B15 and "handles pretty good stock" should not be in the same sentence, at least when talking about a GXE or lower model. 

There is soooooooooo much body roll in these cars it's not even funny. And the understeer...


----------



## sentrapower93 (May 11, 2002)

This thread is about how a b13 handles so i don't wanna thread jack. That being said my 06 1.8 SE comes with 16" wheels/tires i know the firestones aint the best tires, but i like the way my car handles.


----------



## PDX_SER (Jul 19, 2005)

sentrapower93 said:


> This thread is about how a b13 handles so i don't wanna thread jack. That being said my 06 1.8 SE comes with 16" wheels/tires i know the firestones aint the best tires, but i like the way my car handles.


B13 se-r's can be on rails if you get a good setup, they've done great at autocross many times


----------



## b13pnoysentra (Mar 30, 2005)

I also have to add that the B13's turning circles are one of the tightest. The steering is also very soft and easy compared to some sport compacts such as my friend's rsx-s. This great handling saved my life and my car today. Some lady in a jeep cherokee decided to switch lanes without looking at her blind-spot. I had to brake really hard so that I wouldn't get hit and I was able to turn quickly to the left side gutter of the two lane street. If the car was wider and didn't turn that quick, I doubt I would be relieved about the outcome of the incident. Thanks to the compact size and great handling of the sentra


----------



## cdipier2 (Nov 26, 2005)

jharris1 said:


> The B13, no matter what the model (besides most likely the SE-R) was designed for comfort. The spring rates on all the models is about 110 lb*in. SE-Rs get slightly stiffer struts and thicker stabilizer bars. The ride is plush and actually feels pretty good for an economy car that's over 12 years old. But don't expect to be ripping off corners with it.
> 
> I have the Hyperco/AGX setup on my car, and this thing is a vast improvement in terms of handling. The suspension is much firmer, but not as harsh as one might expect from a 200% increase in firmness. This suspension was a plus for me because the stock ride would blow around a lot on the highway, especially on windy days or in the wind tunnel of a truck. The Hypercos/AGX really help the car stay planted.

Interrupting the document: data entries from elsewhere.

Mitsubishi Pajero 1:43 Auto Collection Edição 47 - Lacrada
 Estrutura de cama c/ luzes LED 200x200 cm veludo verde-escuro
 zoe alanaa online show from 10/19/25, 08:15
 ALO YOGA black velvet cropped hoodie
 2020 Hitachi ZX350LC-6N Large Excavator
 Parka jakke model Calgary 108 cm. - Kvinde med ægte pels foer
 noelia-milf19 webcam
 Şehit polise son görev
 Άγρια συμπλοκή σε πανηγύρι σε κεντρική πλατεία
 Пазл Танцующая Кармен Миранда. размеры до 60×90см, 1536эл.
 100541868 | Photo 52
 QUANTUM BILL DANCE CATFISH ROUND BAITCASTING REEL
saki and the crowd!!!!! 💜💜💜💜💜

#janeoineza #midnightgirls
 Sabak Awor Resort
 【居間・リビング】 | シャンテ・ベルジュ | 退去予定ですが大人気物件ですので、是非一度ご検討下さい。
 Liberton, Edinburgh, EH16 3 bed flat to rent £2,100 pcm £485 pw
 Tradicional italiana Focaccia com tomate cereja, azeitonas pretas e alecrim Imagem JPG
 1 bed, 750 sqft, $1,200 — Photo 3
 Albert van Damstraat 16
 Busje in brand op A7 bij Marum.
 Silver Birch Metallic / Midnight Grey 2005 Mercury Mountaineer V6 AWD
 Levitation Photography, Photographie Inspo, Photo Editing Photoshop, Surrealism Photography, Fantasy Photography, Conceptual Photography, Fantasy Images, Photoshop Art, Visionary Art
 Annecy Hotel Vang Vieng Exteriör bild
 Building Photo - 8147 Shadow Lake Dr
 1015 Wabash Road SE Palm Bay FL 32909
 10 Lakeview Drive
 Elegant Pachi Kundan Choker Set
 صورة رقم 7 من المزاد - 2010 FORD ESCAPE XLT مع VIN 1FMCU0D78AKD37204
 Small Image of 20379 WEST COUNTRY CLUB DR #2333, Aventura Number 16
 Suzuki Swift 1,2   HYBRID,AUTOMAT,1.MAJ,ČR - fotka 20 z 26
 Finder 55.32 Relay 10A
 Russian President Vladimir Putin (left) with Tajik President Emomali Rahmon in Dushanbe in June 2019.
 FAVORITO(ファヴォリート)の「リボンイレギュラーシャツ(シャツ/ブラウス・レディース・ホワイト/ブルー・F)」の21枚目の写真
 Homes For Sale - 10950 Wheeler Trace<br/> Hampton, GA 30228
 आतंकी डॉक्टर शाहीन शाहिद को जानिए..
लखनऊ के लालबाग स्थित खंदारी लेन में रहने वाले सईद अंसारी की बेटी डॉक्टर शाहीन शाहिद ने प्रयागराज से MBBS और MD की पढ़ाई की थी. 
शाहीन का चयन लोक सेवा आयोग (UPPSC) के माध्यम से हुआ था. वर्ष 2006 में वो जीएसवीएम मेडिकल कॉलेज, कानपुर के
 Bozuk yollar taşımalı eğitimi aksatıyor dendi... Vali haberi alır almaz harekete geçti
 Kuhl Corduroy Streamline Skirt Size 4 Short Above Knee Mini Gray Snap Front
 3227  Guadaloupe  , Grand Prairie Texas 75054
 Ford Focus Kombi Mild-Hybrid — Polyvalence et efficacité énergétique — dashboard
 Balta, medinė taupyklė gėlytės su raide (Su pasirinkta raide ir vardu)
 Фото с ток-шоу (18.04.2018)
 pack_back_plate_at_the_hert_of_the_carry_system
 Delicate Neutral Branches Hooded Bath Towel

what are Hyperco/AGX ? it makes me nervous when my car is all over the place on the highway.


----------



## pete? (Jul 6, 2004)

i only have k-sport suspension as of right now. i havnt had any good tires on yet (crap all seasons from walmart and now snows) and my steering rack has become super sloppy and i will be replacing everything in the steering system in a few weeks.

then i will be putting yokohama es 100's on my b14 wheels, then a RSTB, front LCA brace from whiteline, fender braces from an sr forum vender along with his 4 point harness bar, then some chassis foaming. after i do all of this chassis stiffening i think my car will be like a bloody squerl on crack drinking a red bull.


----------